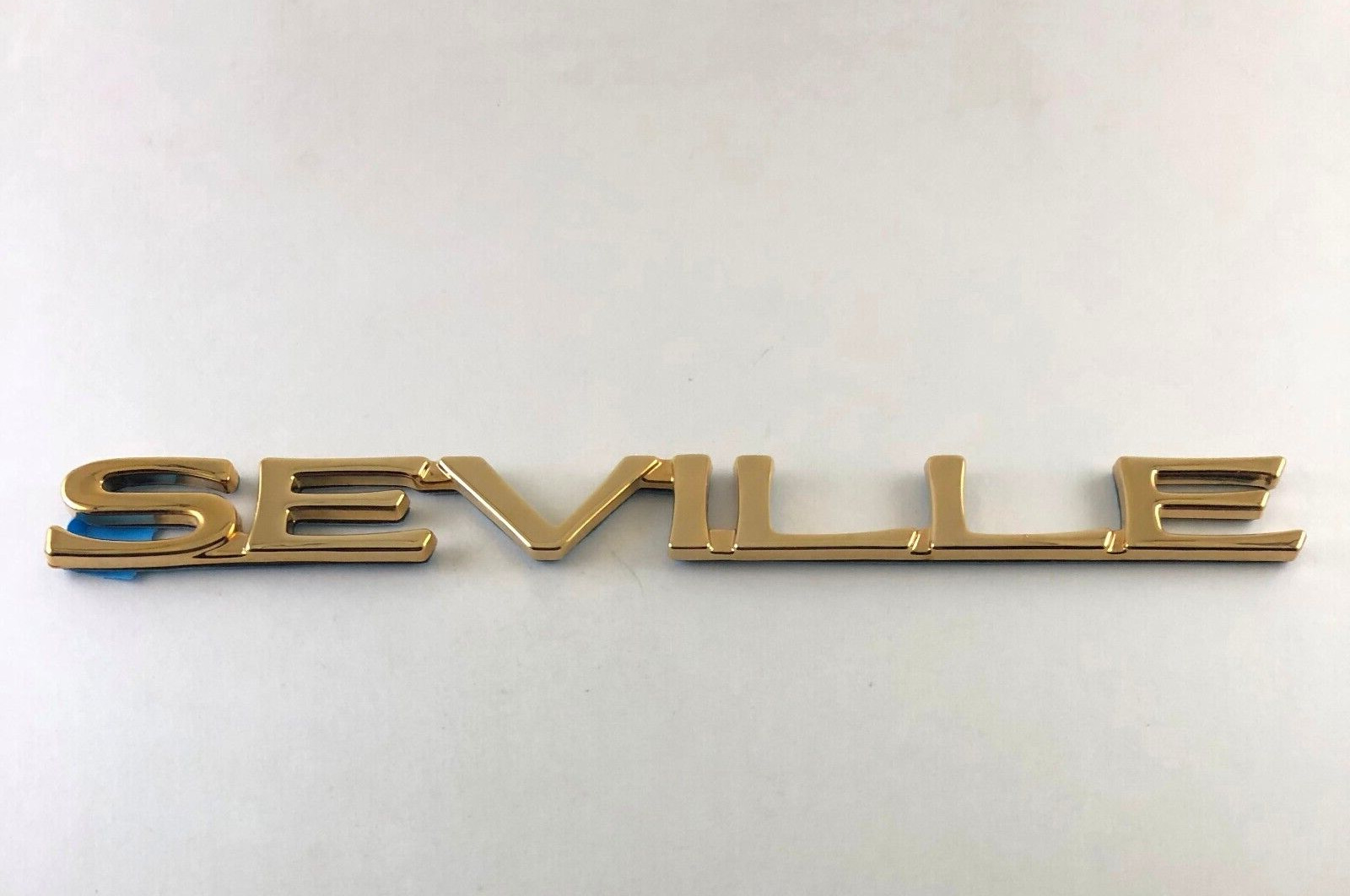 Cadillac SEVILLE emblem gold plated new GM part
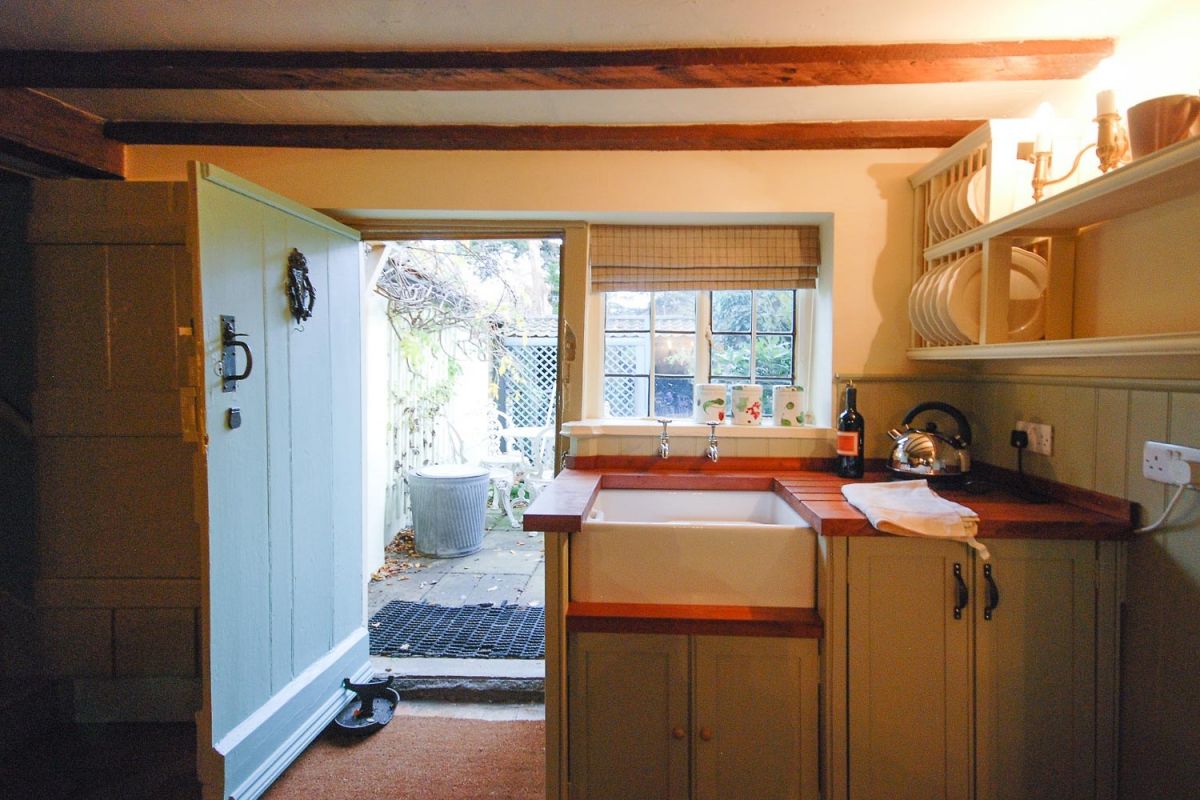 romantic Suffolk farmhouse style kitchen with beams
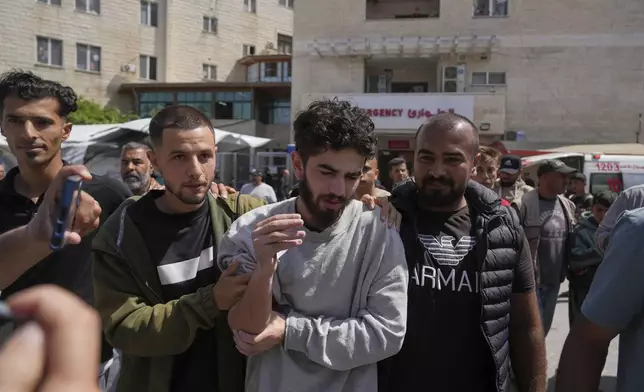 Freed Palestinian prisoner Mohammad Hijazi, who was detain by the Israeli army during its ground operation in the Gaza Strip, arrives at al-Aqsa Hospital in Deir al-Balah, central Gaza, after his release from an Israeli prison, Tuesday, April 29, 2025. (AP Photo/Abdel Kareem Hana)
-=-=-
• Exercise instructions: Omit the pictures and give the material again, exactly and in full.

• Answer to the exercise:
 Cadillac SEVILLE emblem gold plated new GM part
 romantic Suffolk farmhouse style kitchen with beams
 Freed Palestinian prisoner Mohammad Hijazi, who was detain by the Israeli army during its ground operation in the Gaza Strip, arrives at al-Aqsa Hospital in Deir al-Balah, central Gaza, after his release from an Israeli prison, Tuesday, April 29, 2025. (AP Photo/Abdel Kareem Hana)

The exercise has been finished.